Azure Synapse Analytics February Update 2022

Former Employee

Feb 28, 2022

Welcome to the February 2022 Azure Synapse update! This month, we have SQL and data integration features to share with you. Watch our monthly update video!

You can see the rest of our videos on the Azure Synapse Analytics YouTube channel.

Put your questions and feedback in the comments below!

SQL
- More consistent query execution times for Serverless SQL Pools
- The OPENJSON function makes it easy to get array element indexes
Data Integration

SQL

More consistent query execution times for Serverless SQL Pools

Occasionally, spikes in read latency were increasing query duration. Serverless SQL pools now automatically detect such spikes and handle them in a way that query duration is not significantly impacted, resulting in more consistent query execution times.

The diagram below shows how serverless SQL pools have been sending requests to storage before this improvement. Each request reads the same amount of data, yet in this case Request #2 took significantly more time, which resulted in longer query duration.

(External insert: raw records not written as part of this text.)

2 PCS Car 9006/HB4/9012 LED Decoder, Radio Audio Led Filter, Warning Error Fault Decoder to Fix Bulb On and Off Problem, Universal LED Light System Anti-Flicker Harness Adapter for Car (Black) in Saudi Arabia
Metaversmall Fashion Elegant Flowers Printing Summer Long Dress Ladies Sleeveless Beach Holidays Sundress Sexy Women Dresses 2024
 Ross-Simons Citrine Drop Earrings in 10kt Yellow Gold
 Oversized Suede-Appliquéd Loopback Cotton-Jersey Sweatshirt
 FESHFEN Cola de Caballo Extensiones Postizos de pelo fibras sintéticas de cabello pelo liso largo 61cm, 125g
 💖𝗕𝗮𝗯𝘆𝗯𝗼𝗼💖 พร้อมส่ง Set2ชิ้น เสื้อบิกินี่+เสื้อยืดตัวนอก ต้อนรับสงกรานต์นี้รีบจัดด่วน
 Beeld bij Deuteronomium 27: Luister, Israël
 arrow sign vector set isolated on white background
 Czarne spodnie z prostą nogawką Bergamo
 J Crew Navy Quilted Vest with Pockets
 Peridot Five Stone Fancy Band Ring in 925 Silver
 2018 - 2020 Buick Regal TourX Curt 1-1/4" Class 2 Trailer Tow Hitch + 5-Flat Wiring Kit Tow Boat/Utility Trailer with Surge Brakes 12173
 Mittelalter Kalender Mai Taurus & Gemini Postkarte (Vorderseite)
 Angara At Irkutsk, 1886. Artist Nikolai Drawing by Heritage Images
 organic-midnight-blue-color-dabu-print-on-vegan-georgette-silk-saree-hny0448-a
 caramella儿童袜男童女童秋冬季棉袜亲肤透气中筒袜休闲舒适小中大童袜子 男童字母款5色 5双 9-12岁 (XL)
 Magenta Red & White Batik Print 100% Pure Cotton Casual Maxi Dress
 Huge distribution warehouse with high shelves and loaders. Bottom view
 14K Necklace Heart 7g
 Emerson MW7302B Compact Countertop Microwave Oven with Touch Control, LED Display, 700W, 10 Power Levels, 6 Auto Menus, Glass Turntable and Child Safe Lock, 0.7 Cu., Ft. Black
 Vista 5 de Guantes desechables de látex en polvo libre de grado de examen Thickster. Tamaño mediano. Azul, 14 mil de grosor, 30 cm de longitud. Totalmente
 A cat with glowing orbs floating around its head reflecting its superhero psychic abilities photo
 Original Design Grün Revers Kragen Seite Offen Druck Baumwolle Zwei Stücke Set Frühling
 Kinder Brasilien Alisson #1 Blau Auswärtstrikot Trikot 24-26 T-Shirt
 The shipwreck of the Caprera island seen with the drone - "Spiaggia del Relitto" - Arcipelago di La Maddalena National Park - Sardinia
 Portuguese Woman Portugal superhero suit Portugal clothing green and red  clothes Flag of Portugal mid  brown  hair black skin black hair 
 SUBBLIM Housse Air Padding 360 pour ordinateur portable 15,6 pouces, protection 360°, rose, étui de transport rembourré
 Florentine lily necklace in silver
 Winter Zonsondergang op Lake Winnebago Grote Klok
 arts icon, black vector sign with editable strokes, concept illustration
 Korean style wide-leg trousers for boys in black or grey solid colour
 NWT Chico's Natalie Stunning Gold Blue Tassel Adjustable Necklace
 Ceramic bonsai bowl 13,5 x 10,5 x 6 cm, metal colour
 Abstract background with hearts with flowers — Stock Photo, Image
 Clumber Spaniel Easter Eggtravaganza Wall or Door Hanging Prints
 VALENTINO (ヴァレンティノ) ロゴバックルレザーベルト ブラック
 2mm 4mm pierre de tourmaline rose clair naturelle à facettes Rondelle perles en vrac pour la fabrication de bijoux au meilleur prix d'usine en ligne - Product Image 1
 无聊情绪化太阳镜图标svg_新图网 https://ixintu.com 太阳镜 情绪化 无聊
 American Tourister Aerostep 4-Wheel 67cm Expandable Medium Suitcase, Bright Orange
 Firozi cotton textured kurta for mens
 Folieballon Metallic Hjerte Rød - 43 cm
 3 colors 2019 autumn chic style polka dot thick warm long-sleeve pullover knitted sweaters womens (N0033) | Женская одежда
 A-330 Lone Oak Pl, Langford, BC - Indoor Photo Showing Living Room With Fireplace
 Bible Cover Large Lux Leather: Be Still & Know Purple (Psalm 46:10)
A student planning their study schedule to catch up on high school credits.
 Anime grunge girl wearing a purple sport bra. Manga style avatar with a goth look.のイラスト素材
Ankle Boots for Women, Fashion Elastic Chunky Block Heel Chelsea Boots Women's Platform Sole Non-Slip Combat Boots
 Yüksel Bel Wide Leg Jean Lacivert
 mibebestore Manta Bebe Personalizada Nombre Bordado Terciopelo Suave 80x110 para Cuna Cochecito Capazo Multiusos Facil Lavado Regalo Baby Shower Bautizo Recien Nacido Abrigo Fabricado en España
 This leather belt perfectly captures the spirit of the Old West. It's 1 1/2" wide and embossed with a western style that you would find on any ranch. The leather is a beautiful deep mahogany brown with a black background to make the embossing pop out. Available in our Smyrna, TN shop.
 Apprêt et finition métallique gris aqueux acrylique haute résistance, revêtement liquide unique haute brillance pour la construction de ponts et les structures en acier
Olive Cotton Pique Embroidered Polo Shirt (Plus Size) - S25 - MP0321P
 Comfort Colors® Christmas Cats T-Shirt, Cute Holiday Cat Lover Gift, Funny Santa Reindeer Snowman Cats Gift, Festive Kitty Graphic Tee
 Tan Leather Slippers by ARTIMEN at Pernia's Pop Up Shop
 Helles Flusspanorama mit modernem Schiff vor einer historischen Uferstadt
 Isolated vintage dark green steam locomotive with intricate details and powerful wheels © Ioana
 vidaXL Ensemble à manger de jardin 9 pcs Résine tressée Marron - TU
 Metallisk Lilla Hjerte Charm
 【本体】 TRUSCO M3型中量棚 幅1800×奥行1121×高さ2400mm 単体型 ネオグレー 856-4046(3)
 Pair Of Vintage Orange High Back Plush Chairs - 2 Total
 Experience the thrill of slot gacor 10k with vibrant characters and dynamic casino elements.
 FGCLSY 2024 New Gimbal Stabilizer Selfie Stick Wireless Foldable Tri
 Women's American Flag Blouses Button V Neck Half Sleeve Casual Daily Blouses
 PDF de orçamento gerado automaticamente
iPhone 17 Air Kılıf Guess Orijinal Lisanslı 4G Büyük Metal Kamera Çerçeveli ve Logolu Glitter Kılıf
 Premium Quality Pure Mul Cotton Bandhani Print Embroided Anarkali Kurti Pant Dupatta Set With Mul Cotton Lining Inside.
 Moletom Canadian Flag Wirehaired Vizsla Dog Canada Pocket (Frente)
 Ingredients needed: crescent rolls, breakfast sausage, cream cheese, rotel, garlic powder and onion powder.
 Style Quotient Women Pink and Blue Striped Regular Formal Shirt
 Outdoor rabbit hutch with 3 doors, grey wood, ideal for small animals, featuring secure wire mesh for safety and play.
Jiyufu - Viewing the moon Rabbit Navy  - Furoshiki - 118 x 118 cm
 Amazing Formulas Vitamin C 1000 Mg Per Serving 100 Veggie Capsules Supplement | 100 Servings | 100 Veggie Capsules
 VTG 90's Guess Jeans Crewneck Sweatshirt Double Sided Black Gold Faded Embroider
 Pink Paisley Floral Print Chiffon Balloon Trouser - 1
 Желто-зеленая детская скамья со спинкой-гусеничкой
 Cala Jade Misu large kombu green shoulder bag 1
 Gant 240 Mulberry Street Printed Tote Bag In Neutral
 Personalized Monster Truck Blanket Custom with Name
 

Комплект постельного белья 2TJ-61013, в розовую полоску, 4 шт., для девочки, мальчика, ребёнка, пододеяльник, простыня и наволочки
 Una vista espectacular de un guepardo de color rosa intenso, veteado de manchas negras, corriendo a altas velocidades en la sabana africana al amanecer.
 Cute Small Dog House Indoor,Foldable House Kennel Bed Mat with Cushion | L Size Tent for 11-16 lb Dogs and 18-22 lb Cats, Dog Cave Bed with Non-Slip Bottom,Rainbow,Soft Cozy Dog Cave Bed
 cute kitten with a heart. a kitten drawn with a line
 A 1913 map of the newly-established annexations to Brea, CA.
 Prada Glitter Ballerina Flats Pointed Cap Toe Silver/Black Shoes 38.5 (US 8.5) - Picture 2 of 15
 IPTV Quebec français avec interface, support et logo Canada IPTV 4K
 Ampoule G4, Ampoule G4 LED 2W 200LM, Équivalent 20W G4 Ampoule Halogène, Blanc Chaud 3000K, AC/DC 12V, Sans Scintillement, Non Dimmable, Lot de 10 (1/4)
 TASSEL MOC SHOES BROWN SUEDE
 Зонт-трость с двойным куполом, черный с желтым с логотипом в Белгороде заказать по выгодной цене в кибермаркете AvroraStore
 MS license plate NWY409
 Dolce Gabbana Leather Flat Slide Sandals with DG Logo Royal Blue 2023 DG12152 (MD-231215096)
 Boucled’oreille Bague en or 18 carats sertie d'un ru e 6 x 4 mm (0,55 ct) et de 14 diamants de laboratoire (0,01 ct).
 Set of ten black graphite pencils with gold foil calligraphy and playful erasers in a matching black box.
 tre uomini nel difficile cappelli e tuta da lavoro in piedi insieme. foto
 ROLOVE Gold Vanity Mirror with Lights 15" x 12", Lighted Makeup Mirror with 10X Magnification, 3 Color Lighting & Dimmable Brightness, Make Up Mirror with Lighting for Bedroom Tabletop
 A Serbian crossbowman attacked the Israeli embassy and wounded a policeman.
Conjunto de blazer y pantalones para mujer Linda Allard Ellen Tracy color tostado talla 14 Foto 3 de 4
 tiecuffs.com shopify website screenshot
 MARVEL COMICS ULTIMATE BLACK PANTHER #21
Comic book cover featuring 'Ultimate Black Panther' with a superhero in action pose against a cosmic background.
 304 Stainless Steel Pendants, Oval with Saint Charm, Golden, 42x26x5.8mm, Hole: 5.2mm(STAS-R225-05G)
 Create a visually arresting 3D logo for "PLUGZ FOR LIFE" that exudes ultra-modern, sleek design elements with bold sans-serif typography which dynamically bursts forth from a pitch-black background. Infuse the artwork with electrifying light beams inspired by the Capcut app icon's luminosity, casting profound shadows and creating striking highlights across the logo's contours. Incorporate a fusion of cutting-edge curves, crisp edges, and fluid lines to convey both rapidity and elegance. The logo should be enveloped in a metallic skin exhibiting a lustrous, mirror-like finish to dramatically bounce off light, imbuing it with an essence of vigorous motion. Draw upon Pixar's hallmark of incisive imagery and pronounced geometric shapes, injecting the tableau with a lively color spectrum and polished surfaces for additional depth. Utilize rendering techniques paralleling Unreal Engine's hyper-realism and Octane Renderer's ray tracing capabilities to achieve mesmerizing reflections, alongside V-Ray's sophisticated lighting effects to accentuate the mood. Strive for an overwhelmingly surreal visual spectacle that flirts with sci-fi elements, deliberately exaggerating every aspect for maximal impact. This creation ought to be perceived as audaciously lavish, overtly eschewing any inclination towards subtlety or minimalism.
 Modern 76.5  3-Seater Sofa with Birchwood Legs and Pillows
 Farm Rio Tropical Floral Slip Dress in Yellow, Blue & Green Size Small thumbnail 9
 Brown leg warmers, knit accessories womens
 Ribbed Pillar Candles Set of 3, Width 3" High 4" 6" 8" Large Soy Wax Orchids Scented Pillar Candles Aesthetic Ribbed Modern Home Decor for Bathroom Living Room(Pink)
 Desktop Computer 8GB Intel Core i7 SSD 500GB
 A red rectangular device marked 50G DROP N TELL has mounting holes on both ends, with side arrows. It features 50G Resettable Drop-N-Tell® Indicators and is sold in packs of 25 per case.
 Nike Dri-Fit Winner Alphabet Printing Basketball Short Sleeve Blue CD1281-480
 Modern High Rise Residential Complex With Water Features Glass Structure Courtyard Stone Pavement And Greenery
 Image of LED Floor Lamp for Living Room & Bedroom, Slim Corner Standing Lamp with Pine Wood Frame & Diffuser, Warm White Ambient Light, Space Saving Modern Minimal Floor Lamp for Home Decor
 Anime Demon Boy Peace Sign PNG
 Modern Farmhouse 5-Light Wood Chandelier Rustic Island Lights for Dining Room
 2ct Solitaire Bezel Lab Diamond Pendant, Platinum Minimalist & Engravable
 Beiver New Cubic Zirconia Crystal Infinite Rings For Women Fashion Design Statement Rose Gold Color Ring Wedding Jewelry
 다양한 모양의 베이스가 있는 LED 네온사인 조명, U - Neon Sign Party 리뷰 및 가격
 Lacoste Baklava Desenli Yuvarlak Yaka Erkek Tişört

The following diagram shows how serverless SQL pools send requests to storage today. The request is repeated as soon as storage request latency is larger than expected and the outlawed request is abandoned. This results in more consistent query durations across executions.

The OPENJSON function makes it easy to get array element indexes

In many scenarios, if you are analyzing data with nested arrays, you would need to get the index(position) of the element from an array. In Spark pools, you can use posexplode and posexplode_outer to get the array elements with their positions in the arrays, but in T-SQL you might need to use complex window aggregate functions such as ROW_NUMBER, which might complicate the query. In serverless SQL pools, you don’t need to use the ROW_NUMBER function to identify the index of each array element. The OPENJSON function in a serverless SQL pool allows you to parse nested arrays and return one row for each JSON array element with the index of each element.

In the example above, the OPENJSON function transforms the JSON array with “month” and “temp” properties into the set of rows with the “month” and “temp” columns. It also returns the position of the array element if you specify a numeric column (month_id in this example), and specify that this column should be element’s identity by setting the path '$.sql:identity()' after the column type definition. This column will represent the unique index of each array element.

The array above is represented as a plain JSON text. However, you can also find this kind of array as the properties of CosmosDB documents or nested list types in Parquet.

Let’s imagine that we have a Parquet file with the information about countries, and where the monthly temperatures for each country are placed as a nested arrays complex type. In the serverless SQL pool, we can easily parse this Parquet file, get the JSON array representing the temperatures, and pass this array to the OPENSJON function to transform it into the rows.

The column with the '$.sql:identity()' path will automatically generate the array element indexes and enable you to filter-out only the first three months for each country. Automatically generated array indexes in the OPENJSON function might help you simplify and improve performance of the queries that most use element indexes.

Learn more by reading OPENJSON

Data Integration

Upsert supported by Copy Activity

The copy activity now supports natively loading data into a temporary table and then merging that data into a sink table. Updates and inserts are supported. This works for scenarios where the sink is SQL Server, Azure SQL Database, Azure SQL Managed Instance, or Azure Synapse Analytics.

This makes it super easy to update rows in your SQL databases without needing to write stored procedures.

Learn more by reading Upsert data in Copy activity.

Transform Dynamics Data Visually in Synapse Data Flows

When transforming data in Synapse data flow, you can now read and write to tables from Dynamics using the new Dynamics connector. You can choose to use a Dynamics dataset or an inline dataset as source and sink types to make it super easy to transform data at scale in Synapse from Dynamics.

Learn more by reading Mapping data flow properties.

Connect to your SQL sources in data flows using Always Encrypted

Synapse has added support for Always Encrypted to source transformations in SQL Server, Azure SQL Database, Azure SQL Managed Instance, and Azure Synapse Analytics when using data flows. Now you can securely connect to your SQL databases from Synapse data flows using Always Encrypted.

Learn more by reading Using Always Encrypted

Capture descriptions from Asserts in Data Flows

Debugging data flows can be difficult when your assert expectations fail at the row or column level and you don’t have a detailed error message to debug. With this new feature, you can now define your own dynamic descriptive messages in the assert data flow transformation at the row or column level. Synapse has added a new function called assertErrorMessage() that you can use to retrieve the row-by-row error message and store it in your destination data.

Learn more by reading assertErrorMessages

Easily define schemas for complex type fields

A new feature has been added to the Parse transformation to make it super-easy to automatically detect the schema of an embedded complex field inside a string column. Just click on the “Detect type” button in the expression builder to set your target schema automatically. Now, you won’t have to manually define a complex schema and instead allow the Synapse type inference engine in data flows to do the work for you.